** SUPPLIED INFORMATION follows **
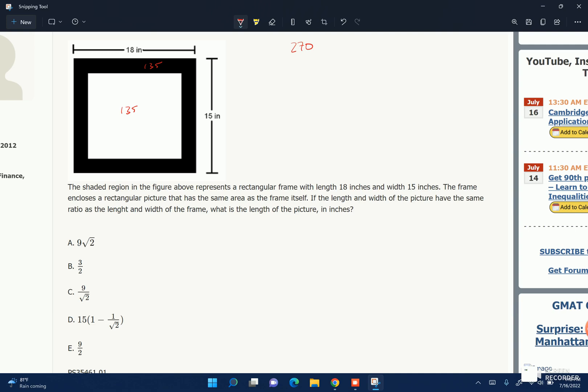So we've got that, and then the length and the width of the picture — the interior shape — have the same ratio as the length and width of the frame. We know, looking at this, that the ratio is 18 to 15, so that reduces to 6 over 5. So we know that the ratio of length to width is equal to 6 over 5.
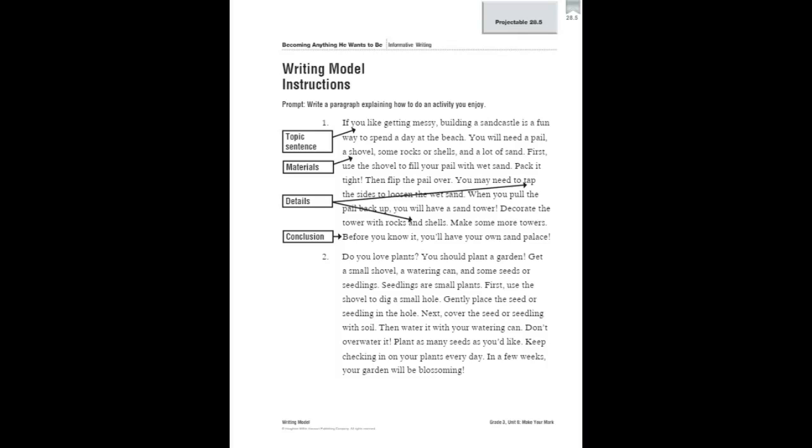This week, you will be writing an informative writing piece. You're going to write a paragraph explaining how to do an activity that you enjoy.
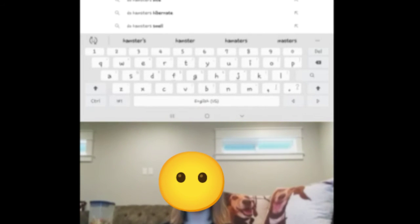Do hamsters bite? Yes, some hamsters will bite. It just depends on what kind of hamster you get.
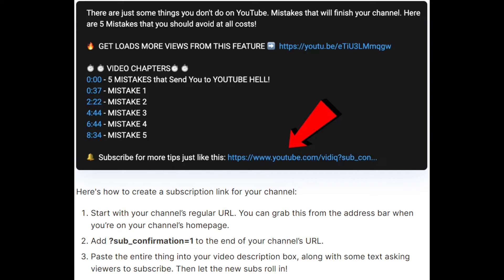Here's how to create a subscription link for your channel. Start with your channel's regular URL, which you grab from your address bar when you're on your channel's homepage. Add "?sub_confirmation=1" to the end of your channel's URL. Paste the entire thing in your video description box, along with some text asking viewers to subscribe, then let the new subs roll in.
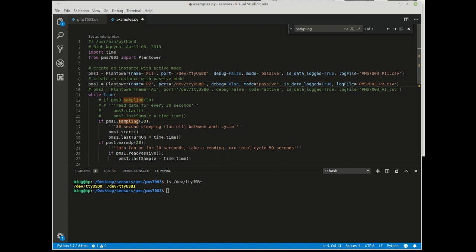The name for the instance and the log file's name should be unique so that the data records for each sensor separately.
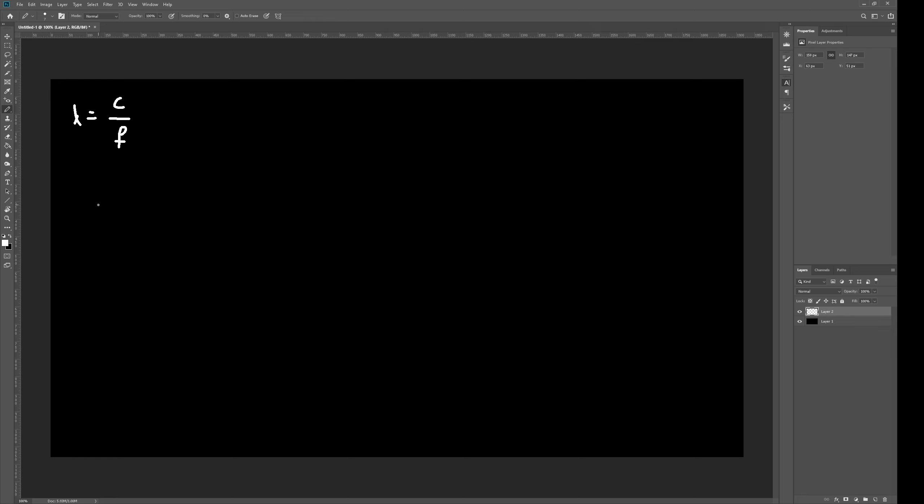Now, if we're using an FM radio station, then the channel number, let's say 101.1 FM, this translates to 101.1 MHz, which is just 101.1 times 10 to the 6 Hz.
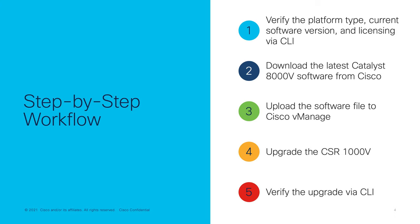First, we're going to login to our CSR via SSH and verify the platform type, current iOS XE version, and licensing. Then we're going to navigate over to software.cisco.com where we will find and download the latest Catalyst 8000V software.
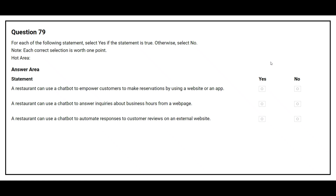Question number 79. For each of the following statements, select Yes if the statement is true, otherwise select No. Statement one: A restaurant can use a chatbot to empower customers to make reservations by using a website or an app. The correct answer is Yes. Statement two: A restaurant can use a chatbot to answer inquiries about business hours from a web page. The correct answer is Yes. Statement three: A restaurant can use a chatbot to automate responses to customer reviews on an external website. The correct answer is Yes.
** End of SUPPLIED INFORMATION **
Reproduce all the entries above exactly. Include no images.

So we've got that, and then the length and the width of the picture — the interior shape — have the same ratio as the length and width of the frame. We know, looking at this, that the ratio is 18 to 15, so that reduces to 6 over 5. So we know that the ratio of length to width is equal to 6 over 5.
This week, you will be writing an informative writing piece. You're going to write a paragraph explaining how to do an activity that you enjoy.
Do hamsters bite? Yes, some hamsters will bite. It just depends on what kind of hamster you get.
Here's how to create a subscription link for your channel. Start with your channel's regular URL, which you grab from your address bar when you're on your channel's homepage. Add "?sub_confirmation=1" to the end of your channel's URL. Paste the entire thing in your video description box, along with some text asking viewers to subscribe, then let the new subs roll in.
The name for the instance and the log file's name should be unique so that the data records for each sensor separately.
Now, if we're using an FM radio station, then the channel number, let's say 101.1 FM, this translates to 101.1 MHz, which is just 101.1 times 10 to the 6 Hz.
First, we're going to login to our CSR via SSH and verify the platform type, current iOS XE version, and licensing. Then we're going to navigate over to software.cisco.com where we will find and download the latest Catalyst 8000V software.
Question number 79. For each of the following statements, select Yes if the statement is true, otherwise select No. Statement one: A restaurant can use a chatbot to empower customers to make reservations by using a website or an app. The correct answer is Yes. Statement two: A restaurant can use a chatbot to answer inquiries about business hours from a web page. The correct answer is Yes. Statement three: A restaurant can use a chatbot to automate responses to customer reviews on an external website. The correct answer is Yes.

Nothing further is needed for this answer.